The problem with ECN is exactly as you described: it gives edge to any users that don't pretend to lose the packet when ECN marked packet is received.
At the same time, we already have systems in the internet that use congestion control algoritms such as cubic and do not support ECN marking so even if you had a system that supported ECN and routers would ECN mark packets instead of dropping when the queue starts to fill, you could only donate more of your bandwidth to cubic users if you honored ECN mark!
As such, there's zero incentive to honor ECN marking in real internet because that would only slow down your own connection and cubic streams would still fill the queue of every possible router so you would end up with less bandwidth and equally bad latency to the situation where you just ignore any ECN mark.
The only way to really fix this mess is to start punishing cubic users on routers. Luckily only one router for each end-to-end connection is required to effectively push back against cubic users. However, for best results, this router must be the single bottleneck for the whole connection. And as we don't know which router will be the bottleneck for any random end-to-end connection over the internet, we would need every router to slowly implement this to reach optimal state.
As long as the router's max queue length is limited to less than half the best possible RTT of users transmitting packages over it, there will be incentive to use better congestion control algoritms than cubic because in that case algorithm that doesn't fill the buffer would have better throughput.

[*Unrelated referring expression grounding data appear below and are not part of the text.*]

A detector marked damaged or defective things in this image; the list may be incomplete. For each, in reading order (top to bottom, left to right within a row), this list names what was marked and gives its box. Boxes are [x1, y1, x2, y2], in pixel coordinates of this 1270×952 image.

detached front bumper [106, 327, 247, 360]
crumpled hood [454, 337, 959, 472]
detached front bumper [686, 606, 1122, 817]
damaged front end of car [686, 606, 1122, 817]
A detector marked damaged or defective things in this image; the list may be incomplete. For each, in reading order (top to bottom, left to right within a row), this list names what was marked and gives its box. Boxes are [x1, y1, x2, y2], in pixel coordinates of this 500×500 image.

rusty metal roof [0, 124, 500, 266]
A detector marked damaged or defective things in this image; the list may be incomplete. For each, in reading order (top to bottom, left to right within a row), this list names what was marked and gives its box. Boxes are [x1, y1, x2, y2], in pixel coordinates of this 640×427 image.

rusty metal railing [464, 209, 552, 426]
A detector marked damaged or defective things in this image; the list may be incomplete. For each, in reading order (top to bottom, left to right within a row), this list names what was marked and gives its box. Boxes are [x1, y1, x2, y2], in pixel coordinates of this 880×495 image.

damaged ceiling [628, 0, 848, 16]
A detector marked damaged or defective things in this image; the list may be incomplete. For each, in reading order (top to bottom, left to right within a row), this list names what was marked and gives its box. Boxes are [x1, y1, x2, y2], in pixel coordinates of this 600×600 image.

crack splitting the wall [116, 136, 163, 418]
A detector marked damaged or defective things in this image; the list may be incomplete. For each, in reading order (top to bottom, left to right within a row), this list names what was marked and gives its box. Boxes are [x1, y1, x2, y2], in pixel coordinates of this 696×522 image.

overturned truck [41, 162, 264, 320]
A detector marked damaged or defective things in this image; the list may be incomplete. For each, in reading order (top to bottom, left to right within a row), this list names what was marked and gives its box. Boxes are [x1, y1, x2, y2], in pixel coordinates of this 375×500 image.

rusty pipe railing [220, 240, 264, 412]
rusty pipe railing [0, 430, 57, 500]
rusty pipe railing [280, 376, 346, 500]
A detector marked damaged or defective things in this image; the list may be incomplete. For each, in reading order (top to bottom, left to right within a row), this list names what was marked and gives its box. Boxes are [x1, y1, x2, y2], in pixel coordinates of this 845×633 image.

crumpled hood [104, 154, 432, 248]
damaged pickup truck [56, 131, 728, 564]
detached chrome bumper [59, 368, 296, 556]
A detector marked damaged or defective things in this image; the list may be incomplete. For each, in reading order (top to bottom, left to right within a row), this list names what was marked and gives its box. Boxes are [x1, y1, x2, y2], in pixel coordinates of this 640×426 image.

With nearly unlimited buffering in routers cubic is nearly optimal algorithm for max bandwidth so any user that doesn't mind latency will use it today. And this will not change unless cubic stops being the (nearly) optimal algoritm for bandwidth!
"CCAs have to choose at most two out of three properties: high throughput, convergence to a small and bounded delay range, and no starvation"
Is this supposed to be news? The people who design and implement congestion control for a living have known this for many years. It's nice to have the maths, but the absence of free lunch has long been known. The closer you get to a bounded delay target, the more traffic will be completely excluded because admitting it will increase the delay.